Growth & Jobs | Be prepared before applying for that loan
GARFIELD GOULBOURNE, relationship manager at JN Bank and JN BeWi$e ambassador, is urging loan prospects to arm themselves with the requisite information when applying for a loan, in order to be good candidates.
Goulbourne’s advice comes within the context of Financial Literacy Month being observed in April.
“While savings and investments are avenues to achieve financial goals, for some assets, such as a car and a house, the purchase price is usually a moving figure and one would always be playing catch-up. What then? Is there another way to achieve financial goals? Financial institutions have various credit products and services on offer, available to the public,” he noted.
The JN BeWi$e ambassador, however, cautioned that borrowers should be able to demonstrate that they are credit worthy, as financial institutions will carry out a thorough risk assessment of a debtor before granting a loan.

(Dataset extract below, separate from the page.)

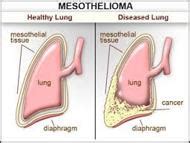 Mesothelium - Assignment Point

He noted that when assessing the risk of a potential borrower, lending institutions will consider the following “seven Cs”: capacity, capital, collateral, character, compliance, conditions and confidence.
CAPACITY
Explaining capacity, Goulbourne said, “For retail loans, some persons only think about their income as a determining factor when they seek to borrow. However, what about existing credit obligations and other recurring expenses? As it relates to responsible borrowing, many institutions employ a total debt service ratio (TDSR), which may be up to even 50 per cent.”

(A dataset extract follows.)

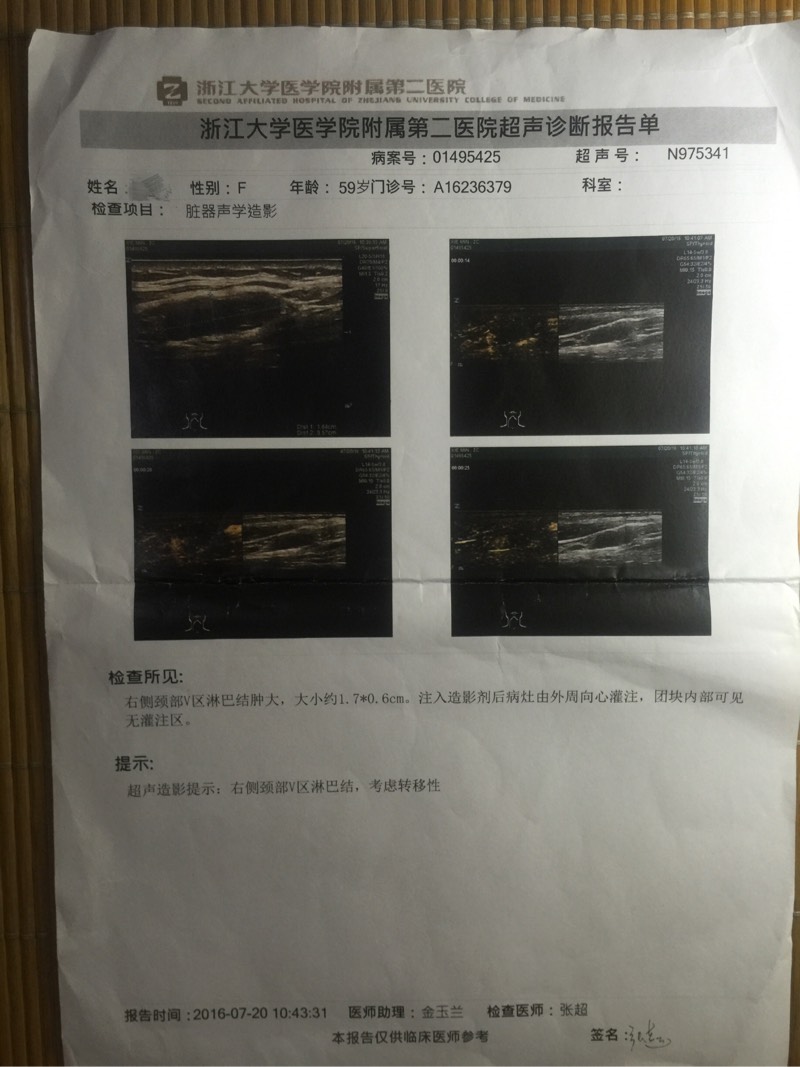 081902xso93lsrzbispvig.jpg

He said one’s TDSR is calculated by dividing gross monthly income by total monthly instalment. “For example, if a company has a 50 per cent TDSR threshold and one’s gross income is J$300,000, all your other loans, including the one to be undertaken, should not pass $150,000.”
CAPITAL
Goulbourne said, at times, “risk assessment requires the debtor to put up a percentage of the value of the asset being purchased”. For example, on a seven year-old vehicle, a lender may be hesitant to finance 100 per cent. Therefore, the borrower may be required to put up some of the monies and without this capital injection, the loan may not be granted.
COLLATERAL
In terms of collateral, Goulbourne said there are many occasions, including when borrowing to finance a business, that collateral will be required. Besides unlimited personal guarantee from directors, there are occasions when institutions may be more willing to lend if the physical assets of the business are used as collateral to secure the loan. Options for collateral may be motor vehicles, a house, or even a bill of sale over goods or equipment used in the business.
CHARACTER, COMPLIANCE, CONDITIONS AND CONFIDENCE
He also underscored that one’s credit history is very important when a loan application is being reviewed.

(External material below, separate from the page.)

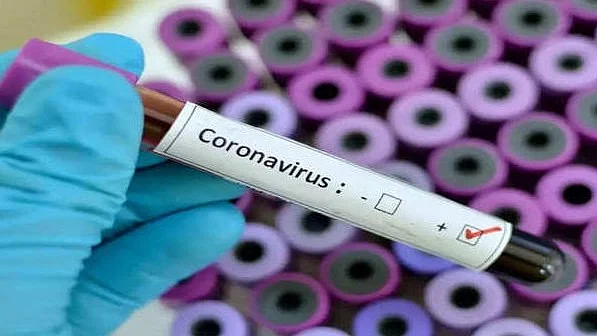 Lucknow reports highest single-day Covid spike in 2023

“Capacity or ability to repay is not the only determinant to lend. There are many persons who earn well and have attractive TDSR ratios; however, their credit history shows an unwillingness to repay facilities previously granted to them. This can be a stain on one’s character and may cause institutions to heavily price debt to these folk, or refuse to lend to them,” he stated.
Additionally, Goulbourne declared that deliberate attempts to hide credit obligations may cause institutions to rethink lending to those loan prospects.
He also encouraged applicants to comply with financial institutions’ requirements by providing all the necessary documents to be compliant.
“Often, individuals may not receive the loan because they may refuse to comply with the compliance requests of the financial institution,” he pointed out.